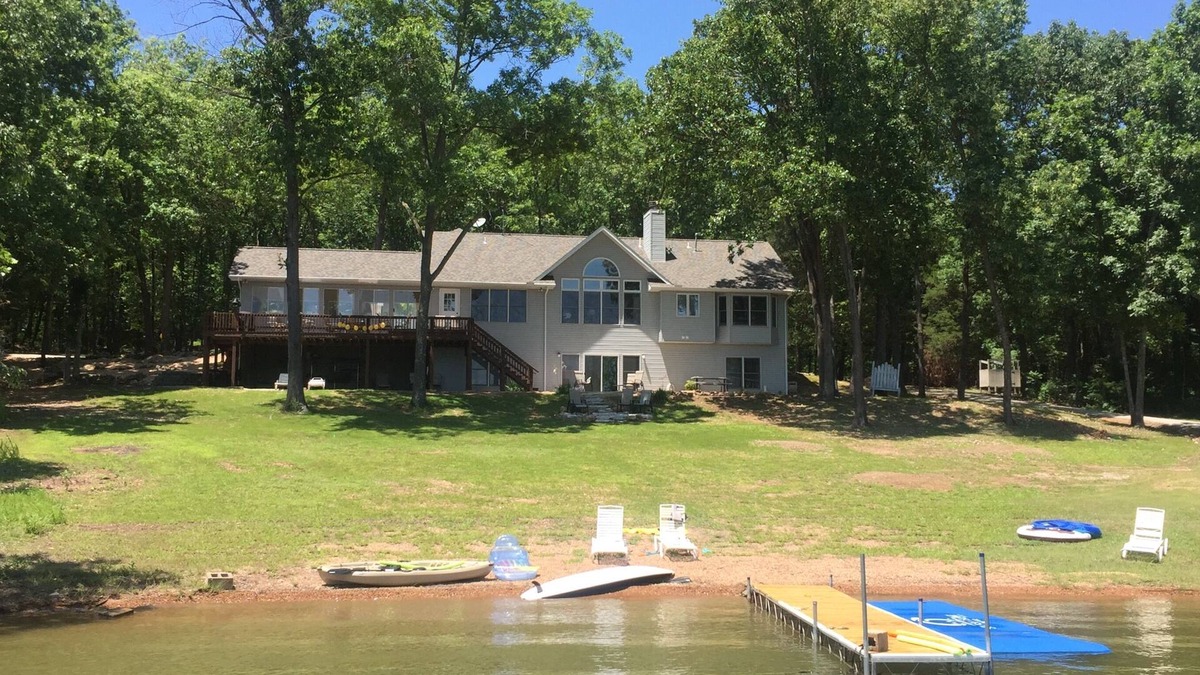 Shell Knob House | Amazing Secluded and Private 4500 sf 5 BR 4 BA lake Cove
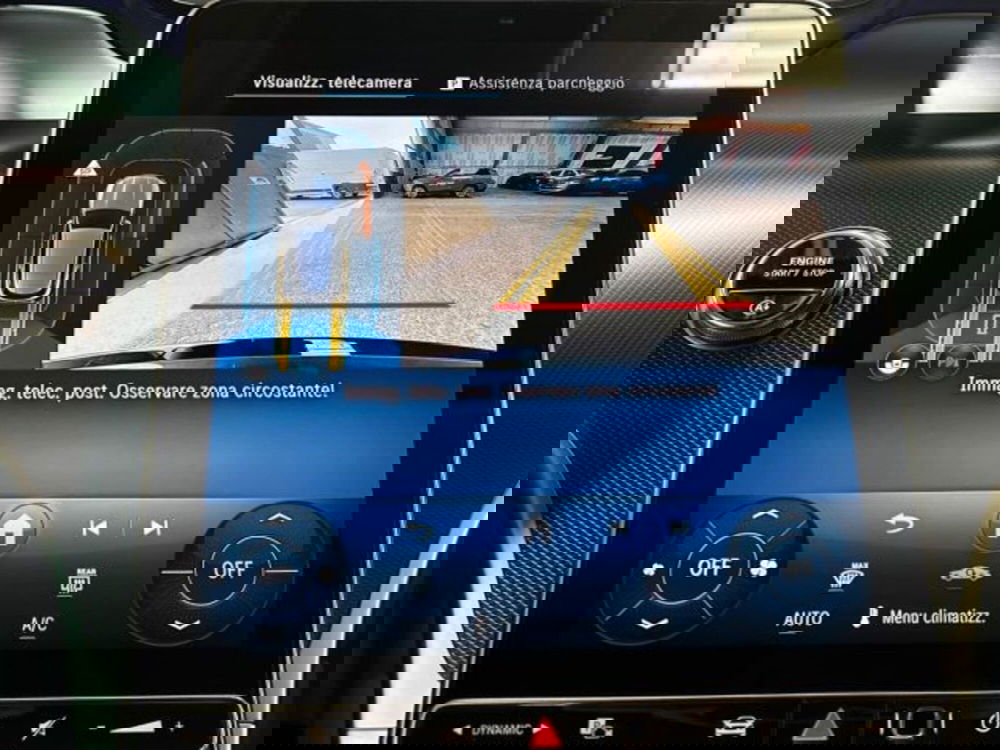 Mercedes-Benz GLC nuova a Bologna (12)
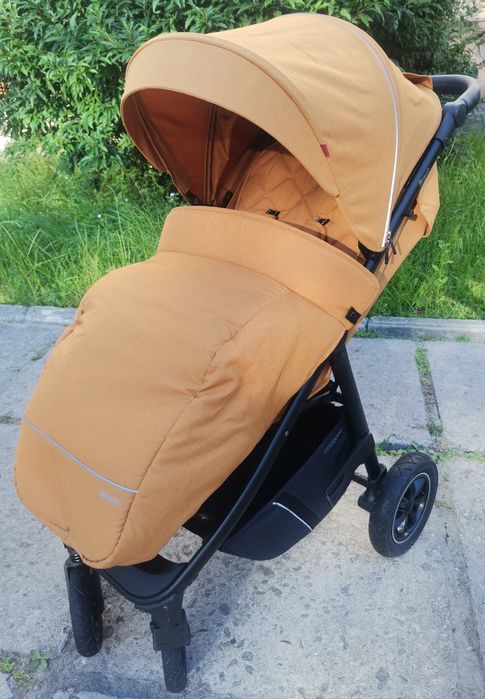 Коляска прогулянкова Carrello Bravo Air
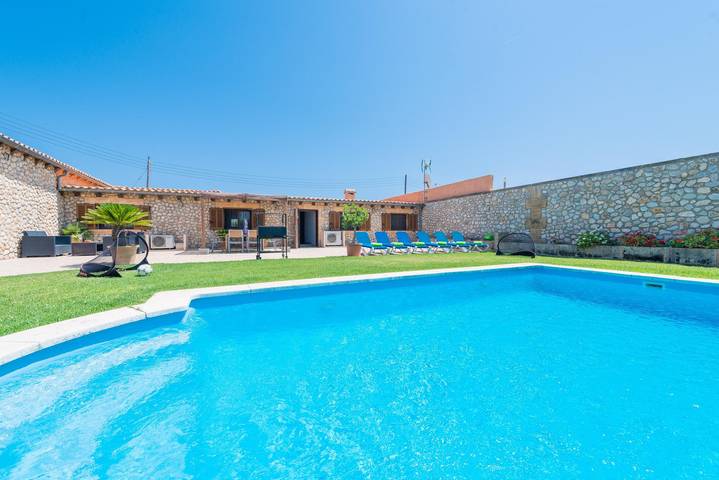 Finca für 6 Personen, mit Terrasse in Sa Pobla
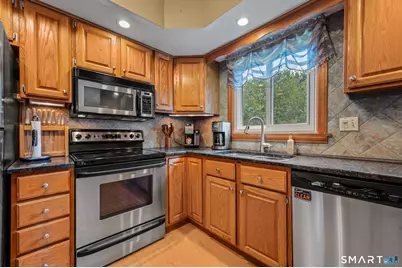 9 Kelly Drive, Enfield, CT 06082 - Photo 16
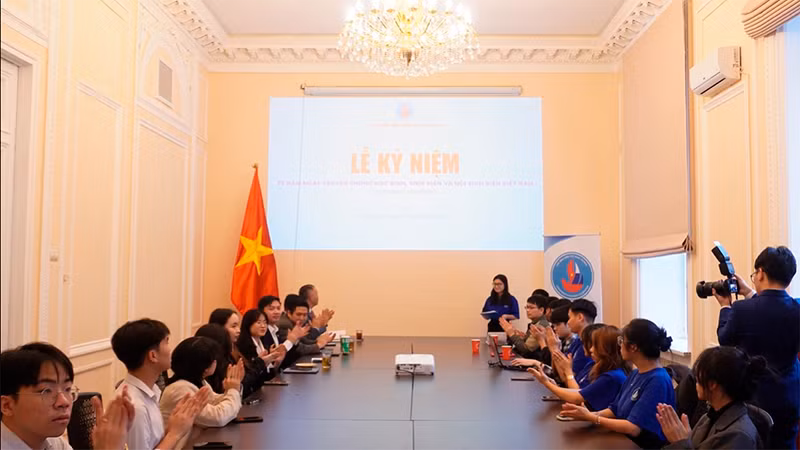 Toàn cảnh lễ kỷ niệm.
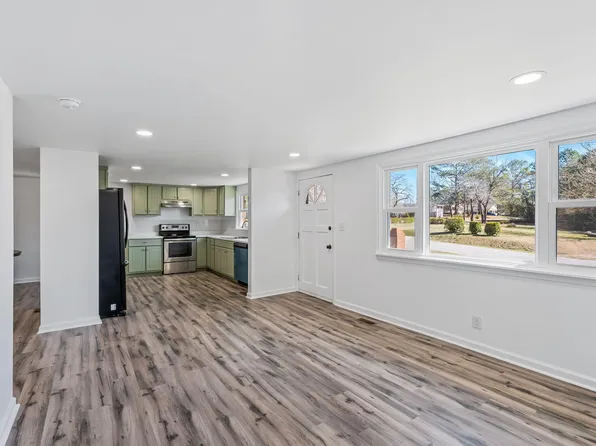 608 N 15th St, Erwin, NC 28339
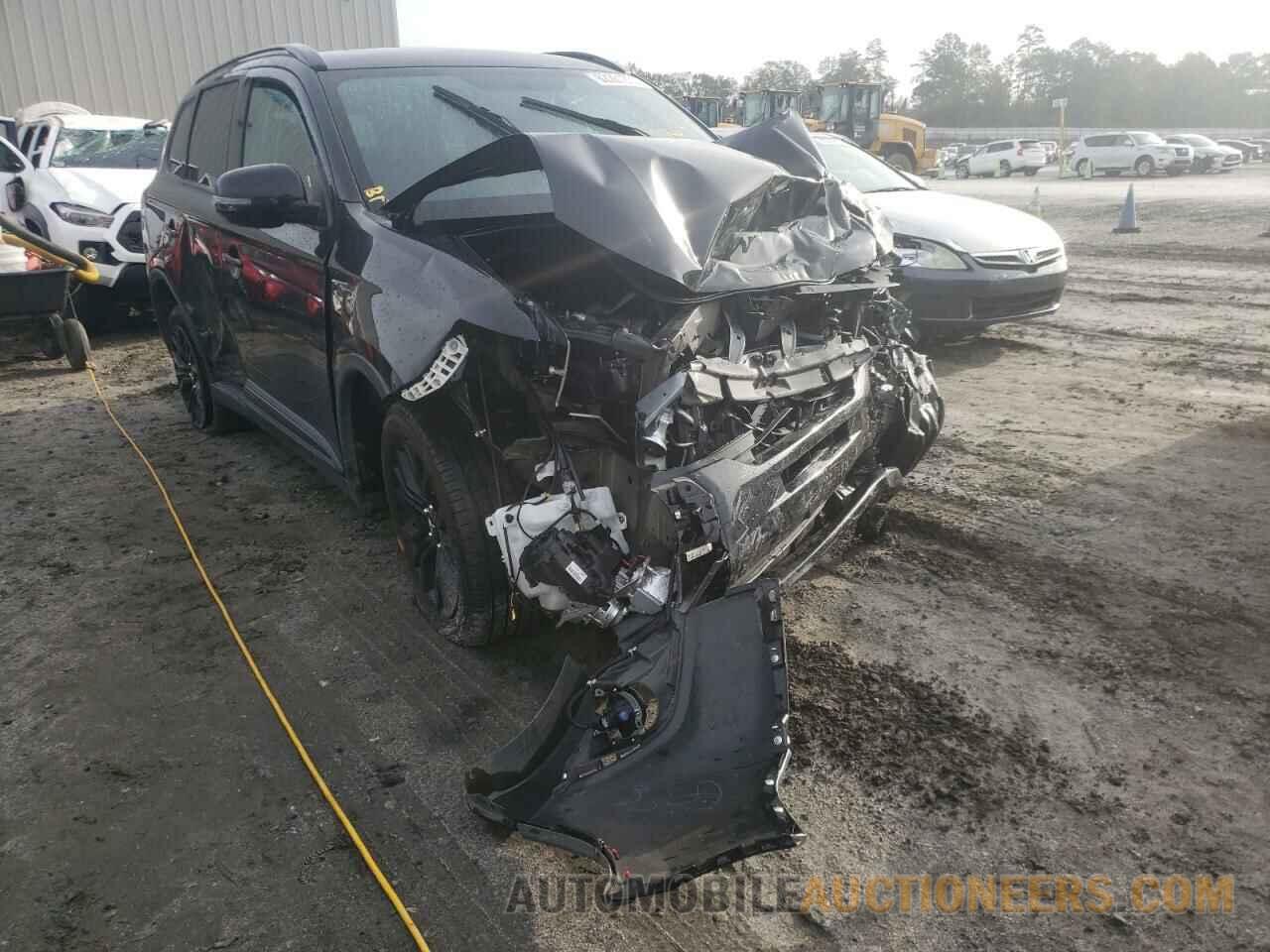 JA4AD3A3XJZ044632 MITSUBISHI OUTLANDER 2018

————————

**DIRECTIONS:**
Working from the line containing "608 N 15th St, Erwin, NC 28339" to the last line of the data, retype every line exactly, both ends included, and leave out all pictures.

**TASK OUTPUT:**
 608 N 15th St, Erwin, NC 28339
 JA4AD3A3XJZ044632 MITSUBISHI OUTLANDER 2018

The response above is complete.